Wow wow wow! Spring. Little explosions of bright green everywhere — out of sidewalk cracks, under fences, on slender branches. I think explosion is the right word — not pops or flashes, well maybe flares. Almost overnight, green! Not yet annoying or oppressive; I still have my view of the gorge and the other side. I could see fuzzy details, branches, rippling water, houses, but what I felt was the horizons of gray (river), brown (shore/trees), and blue (sky). 3 distinct lines dividing my view into 3 colors.

Delia and I walked to the river then down the uneven wooden steps to the trail. We walked even slower than usual to let two walkers move past. One of them was talking about a friend (or a partner?): we’re both from the same town, and we went to the same school! I smiled and greeted a friendly runner, called out Hi Dave! to Dave. Delia jumped up and walked all of the walls on the trail. We ended at the folwell/the WWDD bench (see below) and sat for a moment, taking in the view.

10 Things

  1. the air was hazed with humidity, making everything look even fuzzier, more distant
  2. minneapolis park workers have cleared out old trees in the savanna, turned them into mulch that they put on the trail
  3. the small rise up to the paved trail is more visible now — all dirt and dead leaves and stubs of tree trunks
  4. the cave below the limestone ledge in the ravine seems to be expanding — how long is this process? how long before the ledge collapses?
  5. mud on the part of winchell on the hill between the savanna and the 38th street steps
  6. the repeated honk from a lone goose, below us. It always seemed the same distance from us. Was it following us, or taking a walk with us?
  7. a loud, rhythmic clanging above us that I couldn’t quite place. A thought: was it someone banging on a fire hydrant to open it up? Near the end of my walk, I saw one open and gushing water
  8. sitting at the folwell bench, overheard — an older walker to a younger one: we haven’t even gone 20 minutes yet
  9. someone pushing a walker through the grass on the boulevard between edmund and the river road, stopping to check out each tree
  10. the husk of some big trees leaning at awkward angles in the oak savanna

A wonderful walk! I felt relaxed and calm and grateful to be outside and moving (without pain) this morning.

before the run

Reading through my “on this day” entries from past april 22nd entries, I was inspired by Mary Oliver and a little old lady walking and listening to a radio and a bench dedicated to a woman who fell through the ice one winter and a fragment overheard on the little old lady’s radio — this is why we are all here — especially the this, which is echoed in Marie Howe’s poem, The Gate. Instead of trying to explain these connections–entanglements?– I’ll gather them here:

1 — the little old lady

For the third time, encountered the little old lady walking with her hiking poles listening to a radio show or an audio book or something.
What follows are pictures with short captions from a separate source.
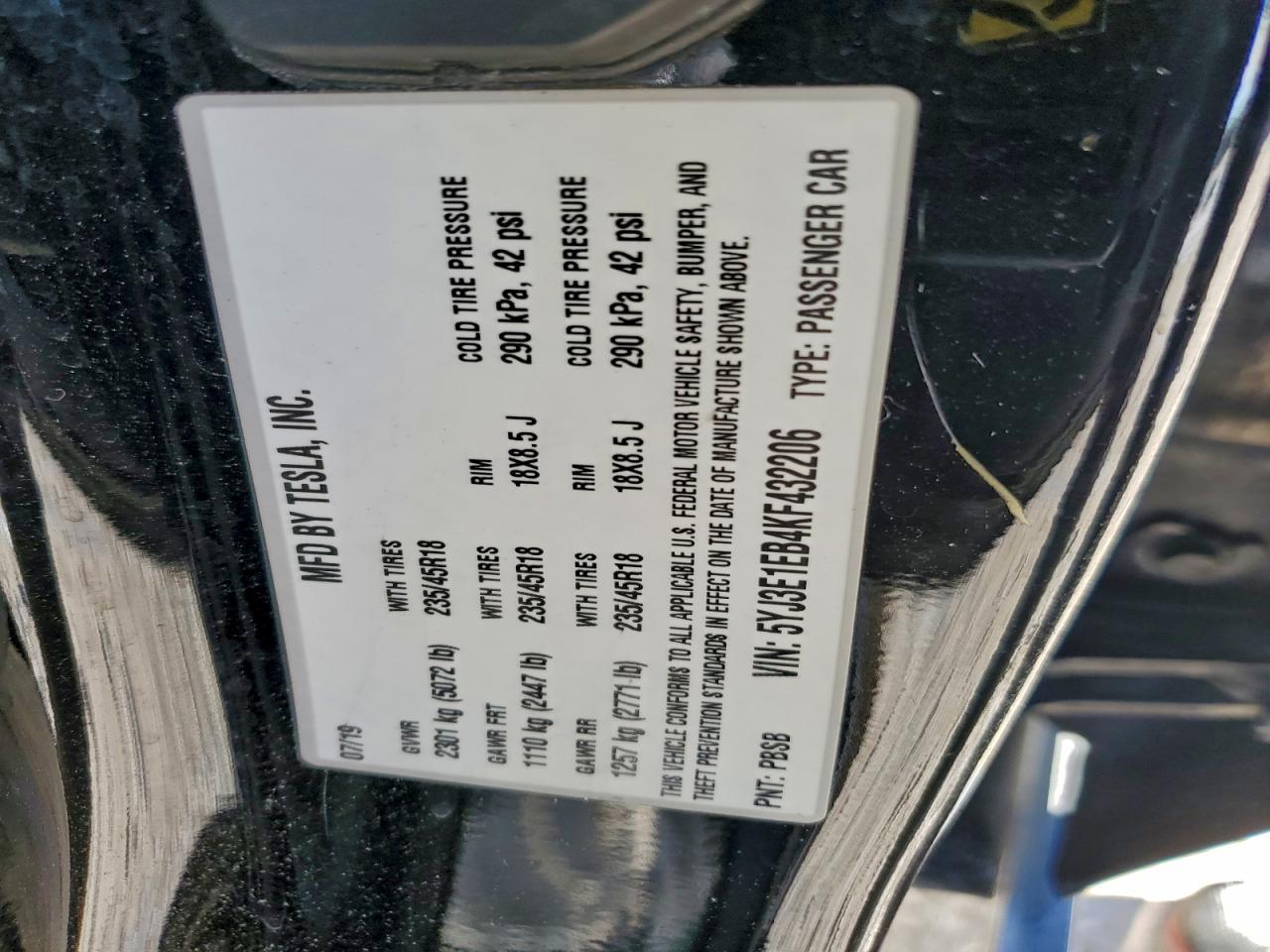 2019 TESLA MODEL 3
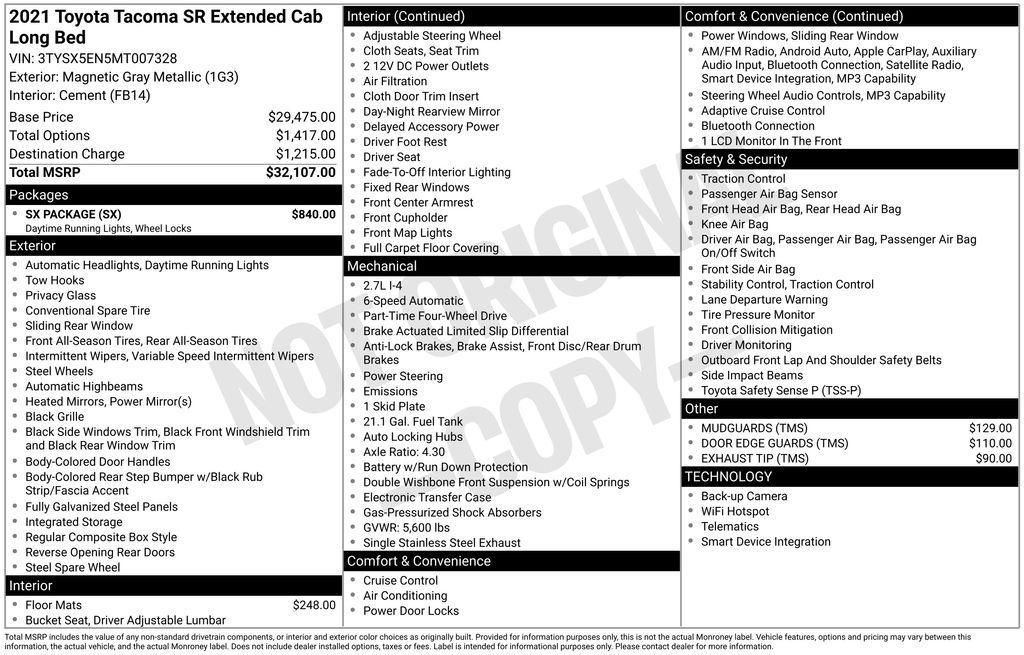 used 2021 Toyota Tacoma car, priced at $23,249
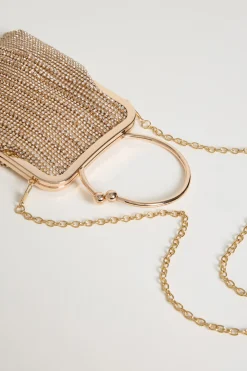 Pochette con frange e strass - Oro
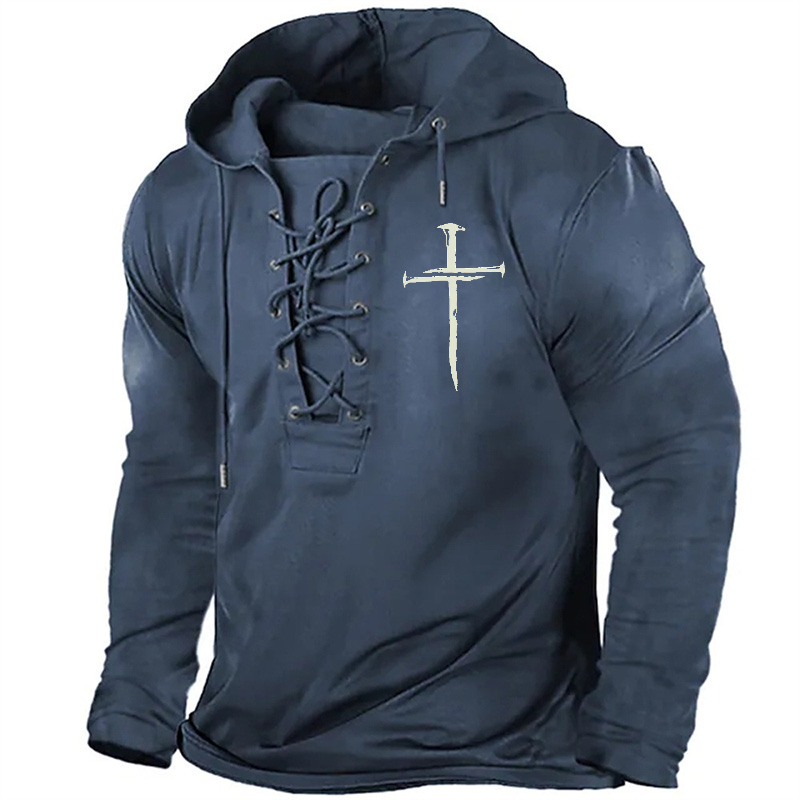 Classic Christian Cross Print Retro Hoodie
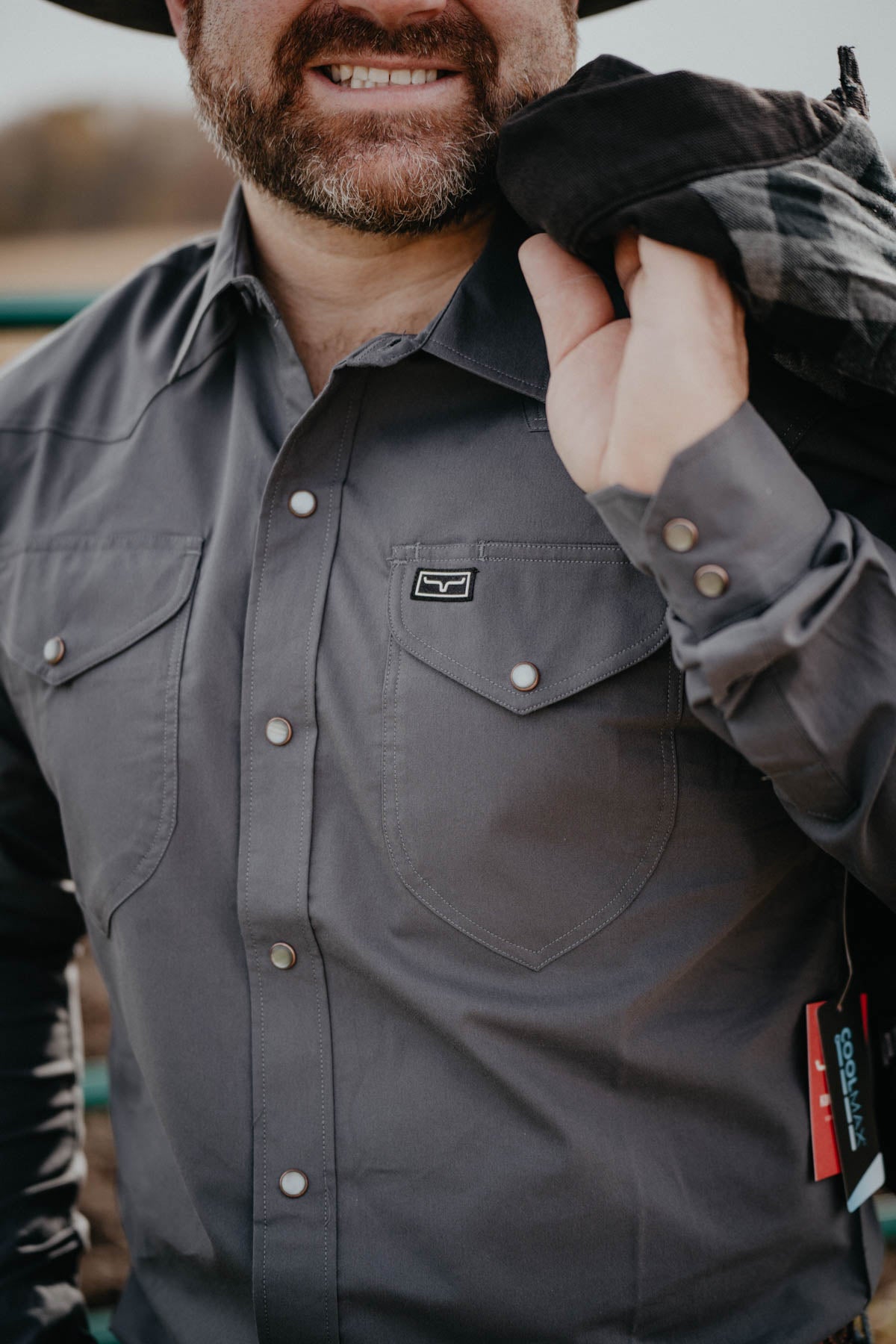 'Black Out' Men's Charcoal Long Sleeve Dress Shirt by Kimes Ranch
Today I heard, “which reminds us of why we are all here.” Decided that I should create a poem or some piece of writing around this phrase. This phrase could be the title or the ending line of the whole poem or a sentence or a refrain (5 aug 2019).

…the little old lady slowly shuffling by, swinging her hiking poles, a voice TED-talking out of her phone’s speaker reminding you that this is why we are all here. Do not bother the bench resting on the rim of the gorge to ask what this is (22 april 2022 — a draft of my poem).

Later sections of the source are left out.